Sur cette base, le Conseil fédéral a conclu dans son rapport du 13 mai 2020 en réponse au postulat Lombardi 18.3237 qu'il ne fallait pas modifier l'ordonnance. Le Conseil fédéral considère donc qu'il n'y a pas lieu de revenir sur sa position de 2020 et que la réglementation actuelle sur les comparaisons de prix a fait ses preuves. Encore une fois, les dispositions actuelles de l'OIP garantissent la sécurité juridique et permettent de protéger efficacement les consommateurs.

Pour toutes ces raisons, nous vous prions de rejeter la motion.

J'aimerais dire quelques mots concernant l'intervention de M.[NB]le conseiller aux Etats Matthias Michel. Oui, le secrétariat général de la Conférence des chefs des départements cantonaux de l'économie publique a écrit à la commission pour recommander de soutenir la motion, car celle-ci permettrait de réduire la charge administrative due à la réglementation et à la bureaucratie et simplifierait l'exécution cantonale.

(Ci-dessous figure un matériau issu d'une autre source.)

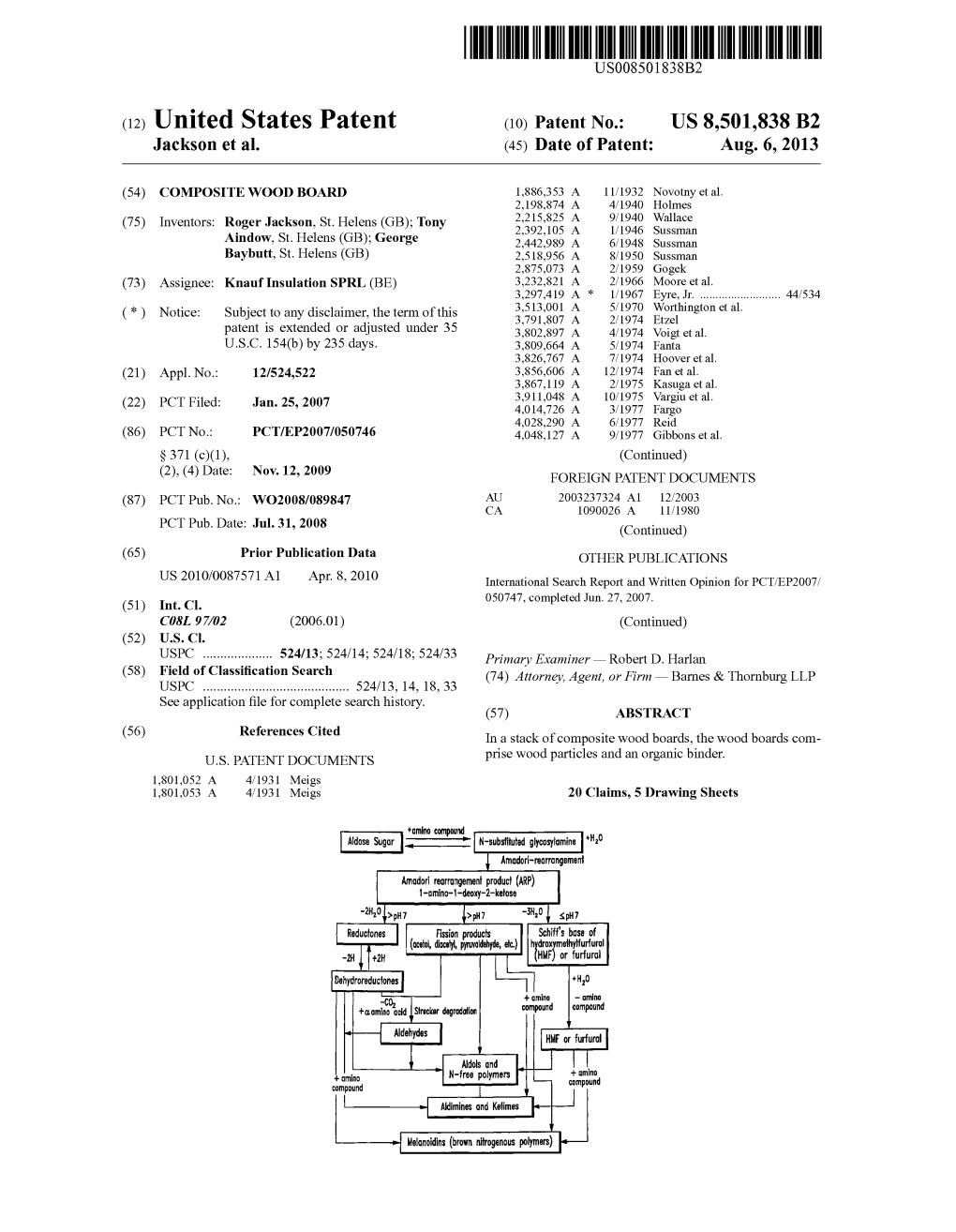 (12) United States Patent (10) Patent No.: US 8,501,838 B2 Jackson Et Al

Malheureusement, comme on l'a vu, même si la motion a pour objectif de "simplifier" la réglementation, elle rate sa cible, en prévoyant une règle différenciée pour les articles de saison, en exigeant un prix fixe pendant quatre semaines avant une possible réduction de prix, ce qui va totalement à l'encontre du dynamisme des prix. En outre, il y a lieu de relever que certaines autorités cantonales d'exécution de l'OIP ne sont pas intégrées dans les directions cantonales de l'économie publique, mais dans d'autres directions cantonales, par exemple les directions de justice, de sécurité ou de la santé - c'est le cas, par exemple, dans les grands cantons, comme ceux d'Argovie, de Fribourg, de Lucerne ou de Zurich.

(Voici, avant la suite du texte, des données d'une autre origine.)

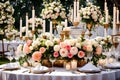 Elegant Wedding Flower Arrangements Garden Ceremony Reception Bar Nature Flowers Roses Peony Events Catering Candles Dinner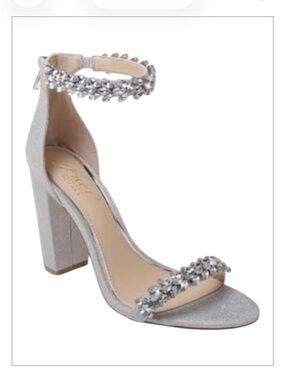 Jewel Badgley Mischka Mayra Silver Glitter Block Heels Women’s Size 8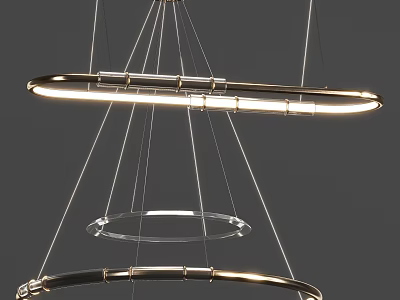 Modern Chandelier with Multiple Circular Metal Rings and Illuminated LED Lights 3d model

De plus, comme je l'ai déjà mentionné, la majorité des autorités cantonales d'exécution qui avaient été consultées dans le cadre du postulat Lombardi 18.3237 ne voient pas la nécessité de modifier les règles de l'ordonnance sur l'indication des prix en matière de comparaison de prix.

Enfin, Monsieur Michel, dans l'Union européenne, parle du prix le plus bas pratiqué pendant une période d'au moins trente jours. La motion Markwalder prévoit, par contre, le prix fixe sur une période de quatre semaines. De plus, la motion vise des règles spéciales pour les produits saisonniers. Cela n'est pas prévu dans l'Union européenne, ce qui est nettement plus simple.

Nous vous prions donc de rejeter la motion.